Anyway, I remember eating tons of the dark juicy fruits off that tree. It only took one incidence of one cherry too many and my stomach was done for the next 17 years. In the last few years I have started experimenting with them again, and to my great pleasure, I love them!

What happened next was so sad. I came home with cherries on Wednesday, we left for Astoria on Friday, and it was not until Saturday that I finally got around to thinking about what I would do with them. There was no way we could eat them all, that would be guaranteed DEATH and another 17 years of cherry-free living.

I hopped on a few sites I frequent to pull off a recipe I had been wanting to try called Clafoutis. Being that I start a summer intensive of French classes where I will be speaking for 3 hours a day, I figured it was appropriate. I linked to Smitten Kitchen, then to La Tartine Gourmand, then google-d Julia Child's recipe. I then flipped open my most favorite book, Sally Fallon's Nourishing Traditions to check out her Cherry Chutney recipe.

Andy tied on an apron and got to work pitting them, and he noticed a very bad thing. Leeettle worms. Yuck! I guess that's one drawback to growing organically - bugs can't resist them just like us. So out of a big colander of cherries, I only got 2 cups of fruit to work with. I went with the Chutney. Poor guy, he thought he was helping me so I would make him a yummy dessert. He asked me this morning, "so, are you going to make the cherry dessert today?" whoopsies.

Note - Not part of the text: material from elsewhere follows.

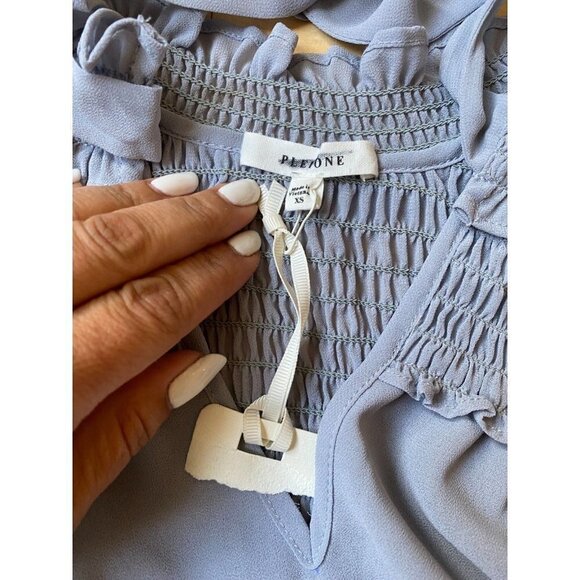 PLEIONE Gray Top New Womens Sz Xsmall BNWT Short Sleeve Ruffles - Picture 4 of 5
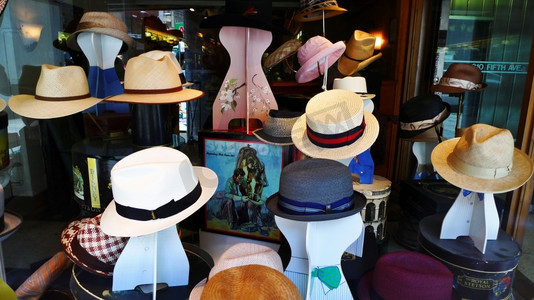 各种各样摄影照片_商店橱窗里摆放着各种各样的帽子。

Cherry Chutney from Nourishing Traditions

4 cups pitted, washed cherries
1/2 tsp. coriander seeds
1/2 tsp. whole cloves
grated rind and juice of 1 orange
1/8 cup Rapadura (or sugar)
1/4 cup whey (see instructions below)
2 tsp. sea salt
1/2 cup filtered water

Mix cherries with spices and orange rind, place in a quart-sized, wide-mouthed mason jar and press down lightly. Mix remaining ingredients and pour into jar, adding more water if necessary to cover the cherries. The top of the chutney shoudl be at least 1 inch below the top of the jar. Cover tightly and keep at room temperature for 2 days before transferring to refrigerator. This should be eaten within 2 months. Makes 1 quart.


1 or 2 quarts good-quality yoghurt or raw milk

Whey is a starter culture for many lacto-fermented veggies, fruits, and beverages. The by-product of this process is homemade cream cheese, which is so much more delicious than anything that comes from the store. If you are using raw milk, place the milk in a clean glass container and allow it to stand at room temp. 1-4 days until it separates. Yoghurt needs no advance preparation. Don't use Greek Yogurt, which already has the whey strained out.
Line a large strainer set over a bowl with a clean dishtowel or cheesecloth. Pour in the yoghurt or separated milk, cover, and let stand at room temp. for several hours. The whey will run into the bowl and the milk solids will stay in the strainer. Tie up the towel with the milk solids inside, being careful not to squeeze. Tie this little sack to a wooden spoon placed across the top of a container so that more whey can drip out. When the bag stops dripping, the cheese is ready. Store whey in a mason jar and cream cheese in a covered glass container. Refrigerate. The cream cheese keeps for 1 month and the whey for approx. 6 months. 2 quarts of yoghurt makes 5 cups of whey and 2 cups of cream cheese.